By a Juror: He was put under medical observation to ascertain whether he was insane or not. There was no extra punishment for his attack upon me.
Dr. McCrae, the medical officer of the gaol, stated: I have had the deceased under my charge since 28th July. He was kept in a cell by himself by my directions. He was not ill, and nothing was the matter with him. I think he was feigning excitement peculiar to madness. On the occasion after he had refused to eat his food for three days, I had a long conversation with him. I pointed out to him forcibly that he had been all his life fighting against the world, with little success on his part, and that it was nearly time for him to bear his punishment quietly, as all his violent ebullitions had only increased the extent of it. At first he was very sulky and would not speak, but after a little, he conversed with me, and seemed impressed with the truth of what I stated. He said he would eat whatever food was given to him, and bear his punishment like a man. The next time I saw him, two or three days afterwards, I found he had been eating his food, and he said he had been guilty of every crime that could be named; that he had brought his punishment on himself, and would in future bear it quietly. He said he was convinced what I told him was true, and that it was for his good. On Tuesday last, 11th instant, I was entirely convinced of his entire sanity.
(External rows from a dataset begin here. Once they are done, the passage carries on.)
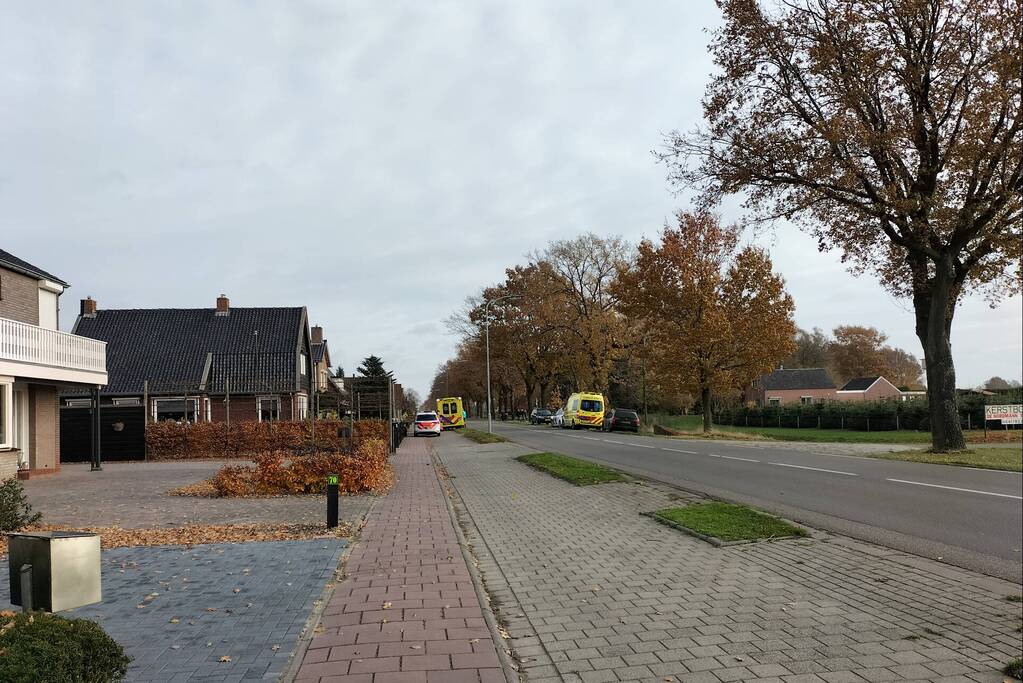 Inzet traumahelikopter trekt bekijks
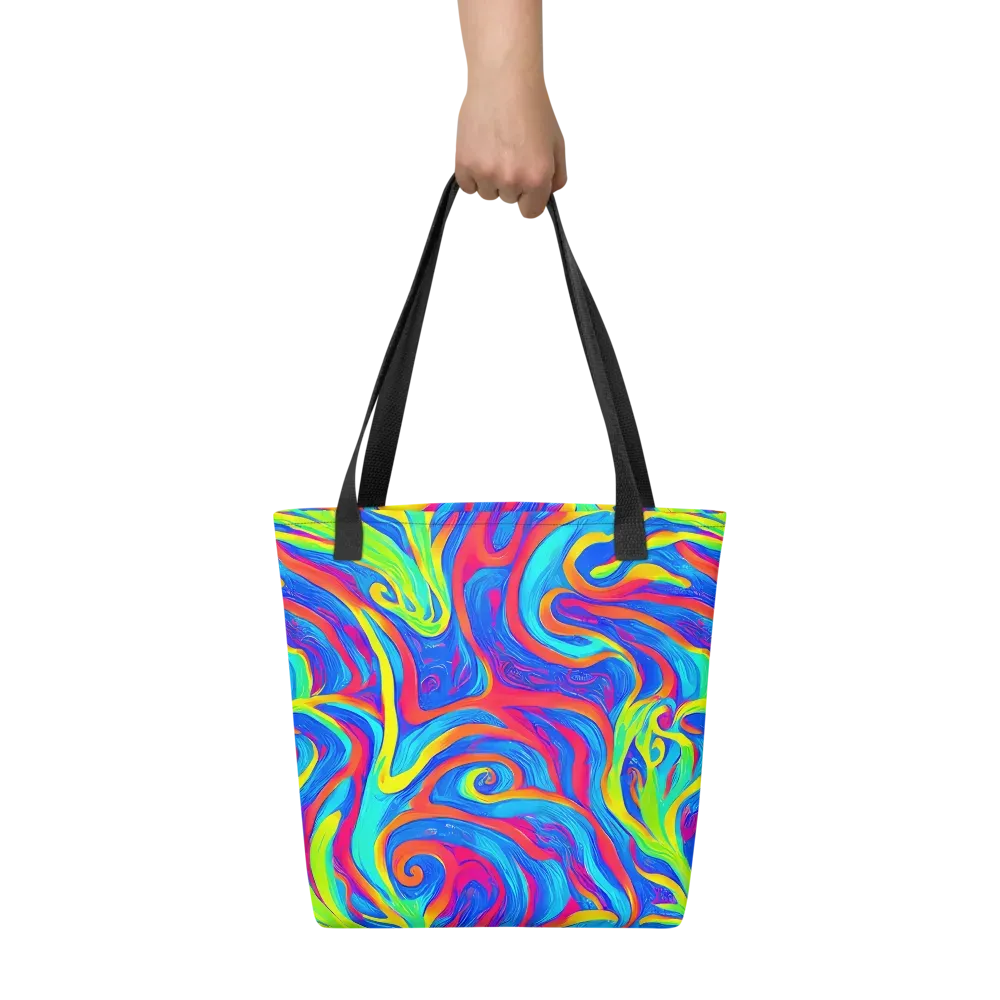 Candy Cyclone on Tote Bag — Front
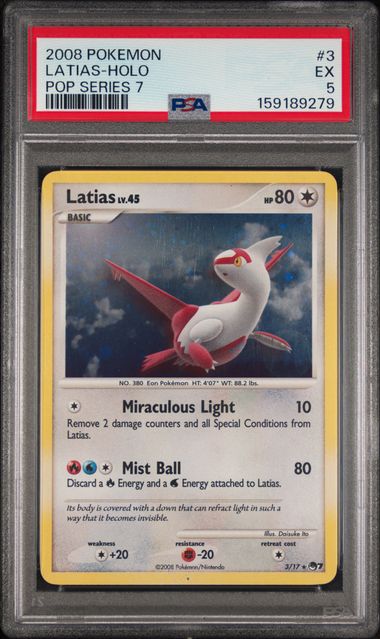 2008 POKEMON POP SERIES 7 #3 LATIAS-HOLO POP SERIES 7 PS5 SC1
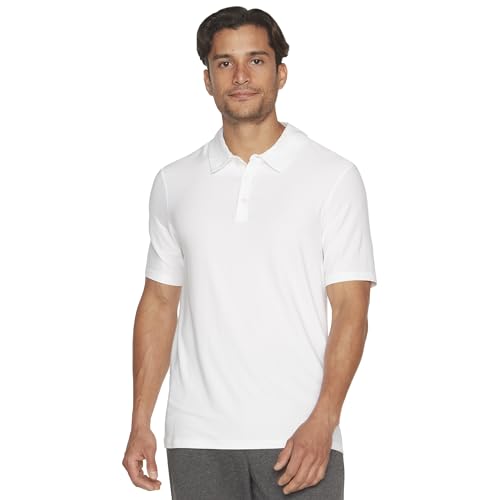 Skechers Herren Godri All Day Polo Shirt, Weiss/opulenter Garten, XX-Large von Skechers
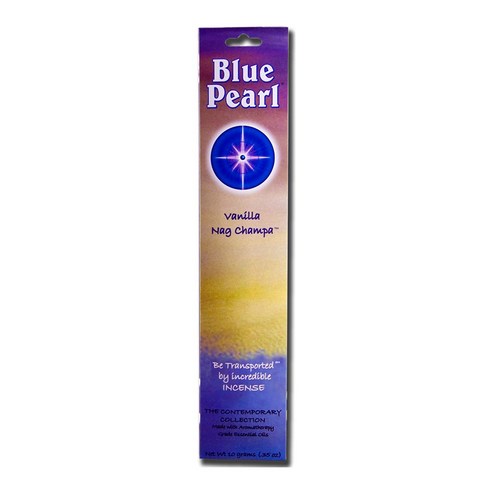 Blue Pearl 클래식 임포티드 인센스, Vanilla Nag Champa, 10g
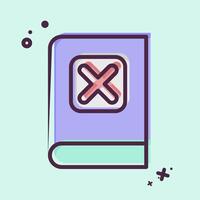 Icon Manual. related to Exclamation symbol. MBE style. design editable vector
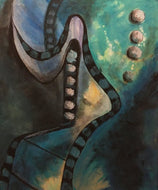 LALLEMENT Martine - À la dérive 2 (tableau, Acrylique sur toile) - ART ET MISS
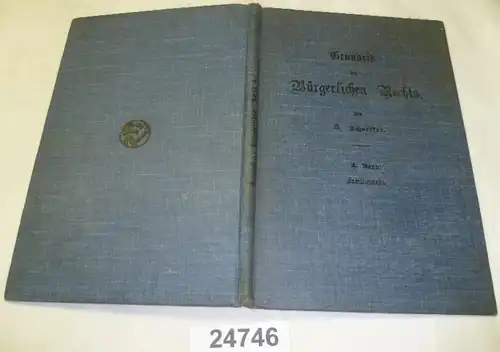 Grundriß des Bürgerlichen Rechts unter Berücksichtigung des römischen und gemeinen Rechts: IV. Band Familienrecht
I have no doubt the handkerchief round his neck was put on by himself. He was cold and had been dead some hours when I saw him.
By a juror: I have not seen the brain since death. I could not get the point of my finger between the handkerchief and his neck. I saw him about a quarter past eight this morning.
James Rowley, chief turnkey at the gaol, stated: I locked the deceased up last night, between eight and nine o’clock. He had his supper at five o’clock, and answered his name as usual at mustering. That was the last time I heard him speak. The turnkey on duty during the night did not report any noise in his cell. I was called this morning to his cell by one of the turnkeys. The deceased’s head was a little to the left side. He was lying calmly with his arms across his chest. There was no appearance of a struggle, and the clothes were over him.
One of the jurors asked if it was not singular that the hands of the deceased should have been placed across his breast after strangulation?
Dr. Youl said it was not singular, as the process of strangulation would be slow. It was, in fact, a portion of the vanity of his life. There was no doubt upon his mind that the deceased was perfectly sane. His whole life had been devoted to crime; he envied notoriety: whilst amongst prisoners he was regarded as their captain, but when confined to his cell his vanity was ungratified.
The jury, after a short consultation, expressed an opinion that the deceased strangled himself, being perfectly sane at the time; in other words, the verdict was felo de se.